Just as lit mags are reaching out to and re-defining their audiences and tribes, you would be smart to do likewise.
Why? As a once-staunch solitary writer, I admit the realities of what even the likes of social psychologist Jonathan Haidt have told me: We are social creatures. If you want to thrive as a creative mammal, find community. Find your Creative Wild Pack.
The other reason? You’re never offering a product, alone – although the product had better be a great one. You’re also offering an experience and a relationship.
4. Three Reasons to Subscribe to a Lit Magazine
#1. It’s part of your professional development. If you’re a poet or fiction writer or creative nonfiction writer and say you don’t subscribe to lit magazines because you’re too poor, then count on continuing to be poor. You want to be a recognized writer but cannot spend $10-30 a year on your professional development? Really? Think about what else you spend $15 on in a year, and get back to me.
#2. Tune up your tongue and feel deeply. Literary writers spend their hours living in language like no one else.
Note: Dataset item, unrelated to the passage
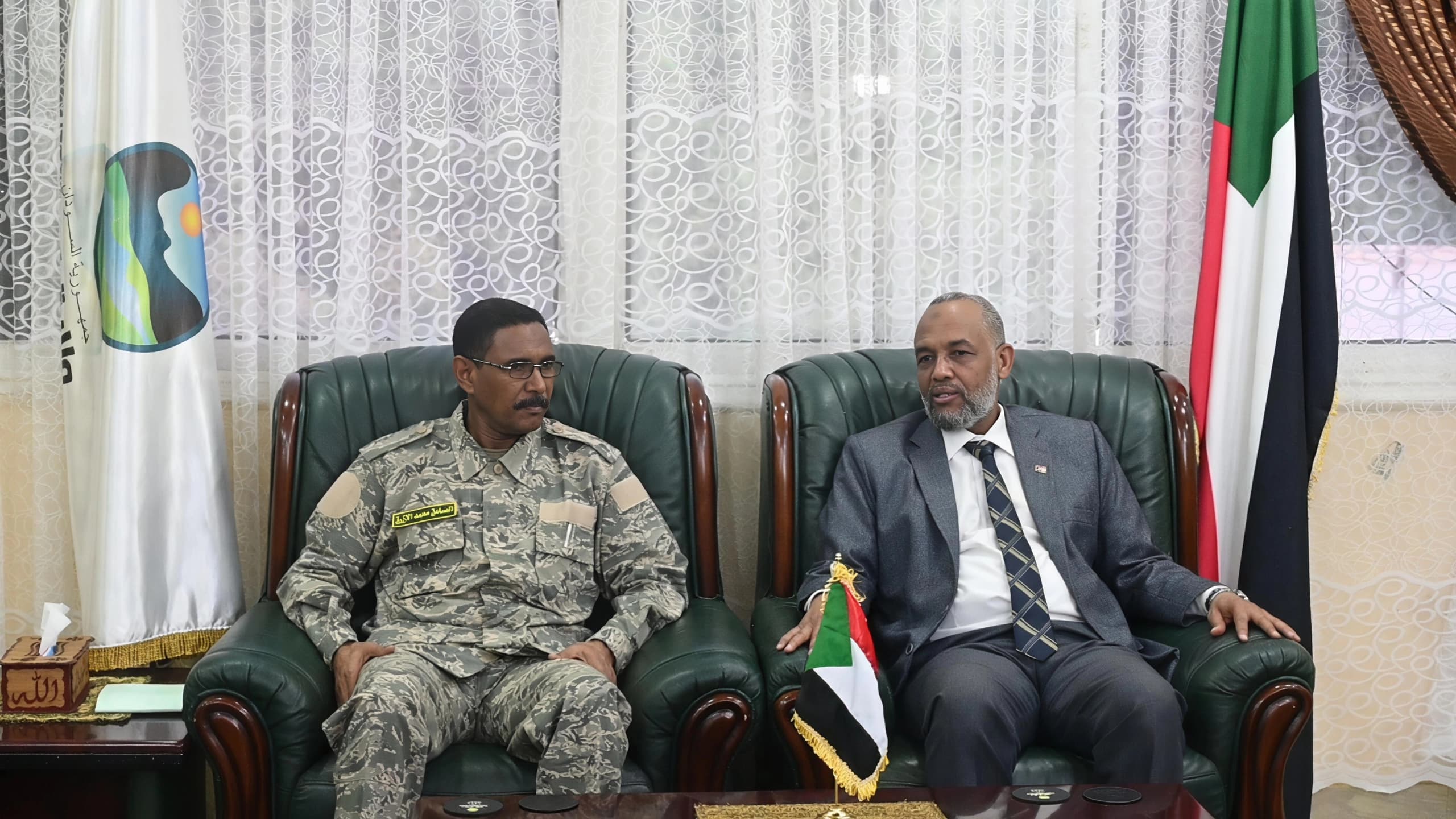 وزير الصحة الاتحادي يختتم زيارته لكسلا بتداول المخرجات مع الوالي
If you parlay in language in any way for your business or craft or blog, your ear could be tuned up by spending an hour a month absorbing poets’ and fiction writers’ and essayists’ nuanced phrases, word play, and twists of thinking.
#3. Amp up the serendipity. What will open your mystery box next? You rarely know what stimulation will trigger your next best idea or impulse that launches your next project or resolves your existing client project. So stimulate your creative mind with rich input.
5. On My Shelf
Here are some of the magazines and journals I’ve subscribed to in the past few years.
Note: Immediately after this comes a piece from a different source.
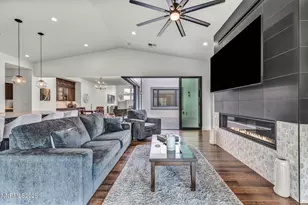 2348 Hammer Fls Dr, Reno, NV 89521 - Photo 12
Tin House – a stellar collection of writers along with photography and design features
Normal School – a smart collection of writers presented in a readable old-school magazine-like package
Creative Nonfiction – often theme-centered collections of intelligent, informed storytellers and researchers
River Teeth – a varied collection of personal essayists
Poetry Magazine – still a pleasurable collection of various styles along with brief topical essays
Sentence: A Journal of Prose Poetics – one of the best if not the best journal about, well, prose poetics or the prose poem (full disclosure: The founding editor is a colleague of mine at WestConn, and they have published a couple of my poems.)
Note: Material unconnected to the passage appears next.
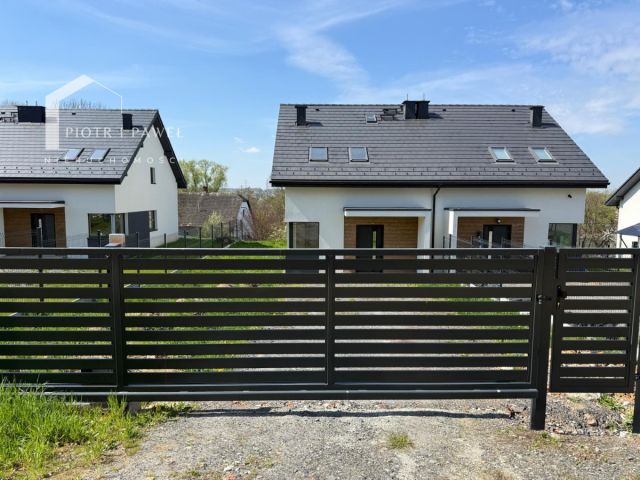 bliźniak, 5 pokoi Bielsko-Biała Komorowice Krakowskie, ul. Dumna. Zdjęcie 2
Yale Review – I still like their essays and book reviews, however stodgy the name and presentation.
Tiferet: A Journal of Literature & Spirituality – Uh, they actually give me free copies. I do think we have the most community-driven mission of any literary journal, but then I’m biased. (And if you’re a fiction writer with an exceptionally well told story looking for a home, send it to us.)
Rain Taxi – consistently offers off-beat reviews of important but often little-known writers
Harper’s Magazine – Among the best collections of essays, topical and not, in my estimate.
Orion – Not exactly a lit mag, they do house some of the most provocative and thoughtful writings about place, environment, and mind that I know of.
And for the record, I also read AdWeek, Fast Company, Print Magazine (design-related), and a slew of non-writer-related magazines and journals.
DROP IN THE HUT
What journals and magazines do you read and recommend? Do you feel connected to these publications’ “community” of readers? What have you done to gather a community around your brand?